A borough since 1889, Malvern was settled in the late 1600s by Welsh immigrants who bought the land from that peerless real estate speculator, William Penn. King Street, Malvern’s main road and historic district, may not evoke Penn and his Quakers, but its sites (and sights) are reminiscent of the days when the borough was born.

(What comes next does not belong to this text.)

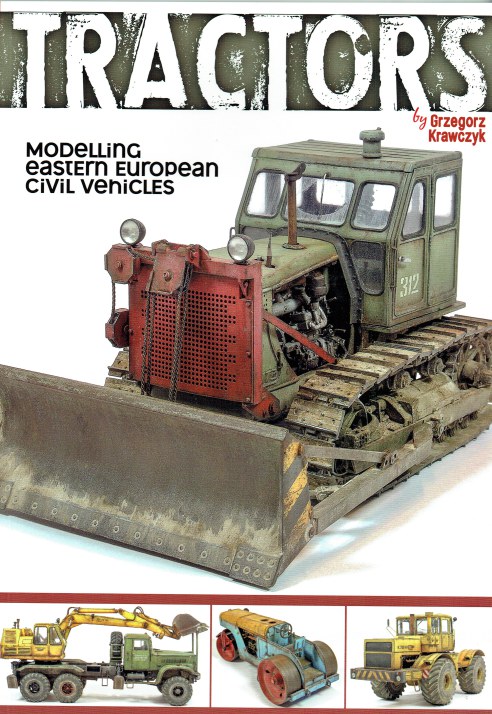 TRACTORS : MODELLING EASTERN EUROPEAN CIVIL VEHICLES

Currently at its second King Street address, the National Bank of Malvern dates to 1884. The former Malvern Inn, stately and historic, has had many incarnations in its lifetime and now hosts Gingy’s Fashion & Home Décor. King Street Traders, purveyor of fine art and antiques, is located in a century-old building that originally housed Warner Hardware. Sheffield Furniture & Interiors and the Malvern Design Center rise from the foundations of an 1899 structure that, at the outset, launched a condensed-milk plant. With modern eateries and crafts shops, King Street is a blend of the old and the new, plus a lively venue for spring and fall festivals and a Victorian Christmas celebration.
The Malvern Inn may no longer be a hostelry, but beyond King Street, the Malvern area offers the historic General Warren Inne on Old Lancaster Highway and the Cedar Hollow Inn on Yellow Springs Road. The sprawling Great Valley Corporate Center and Immaculata University, the home of the storied Mighty Macs girls’ basketball program, are just outside of Malvern.
Villa Maria Academy educates young women on its Old Lincoln Highway campus in Malvern. The highly regarded boys’ school Malvern Prep, originally on the campus of Villanova University, dates its local digs on Warren Avenue to 1922—and once owned the site of the Paoli Massacre, General “Mad” Anthony Wayne’s 1777 debacle that took place in present-day Malvern and was not nearly as bad as its hyperbolic moniker. For more modern drama, no regional theater surpasses the People’s Light & Theatre Company, a perennial Barrymore Award winner.